Making space for creativity
How artist Zena El Farra followed her dreams to mindfulness
Banker turned artist Zena El Farra is the founder of MasterPeace Creative Studios. London’s first ‘mindful painting’ experience, it uses the rhythmic, colourful, meditative process of painting to boost mood, and manage anxiety and depression. El Farra, twenty-seven, believes that ‘creative restoration’ can be as mainstream a form of therapy, wellbeing and relaxation as yoga. Accordingly, MasterPeace has patrons across seventeen countries, while a successful At Home Mindful Painting Kit was born from lockdown restrictions.
When did you decide to leave banking to follow your artistic dreams?
I had the idea for MasterPeace for years. But there were moments that triggered the decision to take the plunge. Having burnt out after a particularly difficult year in my job as a banker, I started to reflect on what truly mattered to me. Seeing my mum with advanced cancer also contributed to a sense of urgency. We can’t take time for granted, if there’s something you’d regret not doing, do it now.
How did you feel as you left one life behind and started another?
Initially, full of self-doubt. But I kept coming back to this idea that it was now or never – that I couldn’t not do this. Then it stopped feeling like a choice with a right or wrong. It started feeling like a certainty that I needed to make the best of.

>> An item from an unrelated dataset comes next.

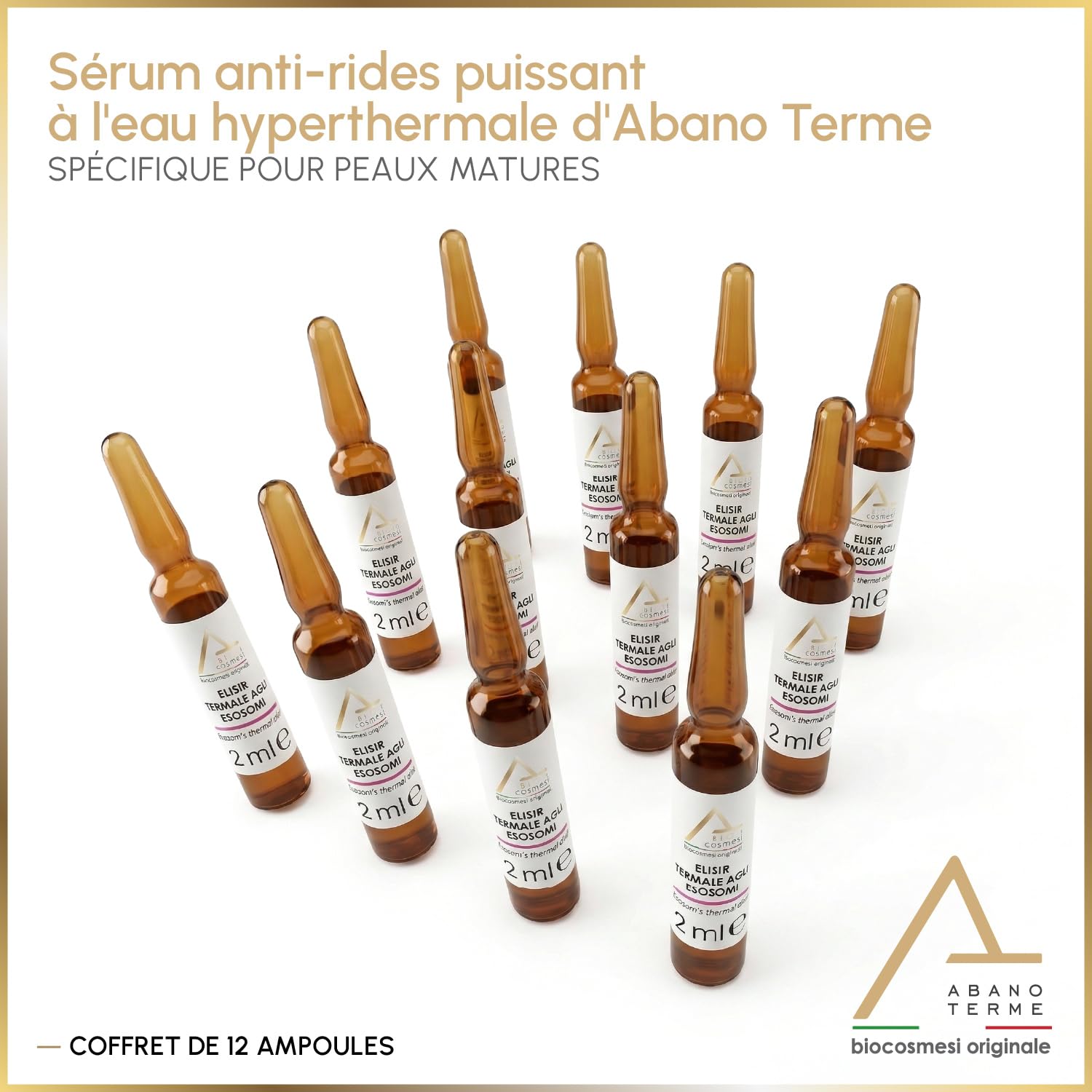 12 Ampoules Sérum Visage Effet Lifting Immédiat et Combleur de Rides - Acide Hyaluronique Pur et Exosomes de Centella, Soin Anti-Âge Puissant, Contour des Yeux, Skincare Bio et Cruelty Free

I definitely have a love-hate relationship with change. If things stay the same too long, I feel I’m not growing or making the most of life. On the other hand, I’m such a creature of habit that the prospect of change sometimes feels exhausting. That being said, with the launch of the business, every time something I relied on fell through, something better came along. It’s as though the universe is trying to tell me not to be scared of change, and to ride the wave a little more spontaneously.
What has been the hardest thing to learn?
Managing the pressure that I put on myself. I am so in love with MasterPeace, our community of guests and neighbouring businesses that I give almost every waking moment to making the experience a success. I truly believe in the positive impact it is making on thousands of people around the world. But I am equally passionate about the importance of balance and rest, especially having had personal experience of burnout. So the challenge is ensuring I practice what we preach every single day: taking time to do what I love, valuing rest as much as productivity, and enjoying the journey, not just the outcome.
And what has been the best thing?
Talking to our guests at the end of their classes and hearing what the experience meant to them. We’re proud to help them reconnect with their creativity in meaningful ways. Guests have told us that our classes have helped them sleep at night after years of struggling with stress. With all the pressures of the office, it felt like the first time someone had told them ‘Good job’ for something they’d done. Or the first time they allowed themselves to play like children again. Guests who, for decades, have been too scared to pick up a paintbrush have finally felt able to follow their creative dreams. That’s all we ever set out to do, really.
What advice can you offer anyone looking to change their life?
I believe there are no wrong decisions. The key is committing to a decision, and doing everything in your power to make that decision the right one – by making it a success.
Doubting myself and questioning the path I was on was exhausting. Once my mindset shifted, and I truly believed that I had to do this right now, it was no longer a choice. All my energy could be directed to making it happen.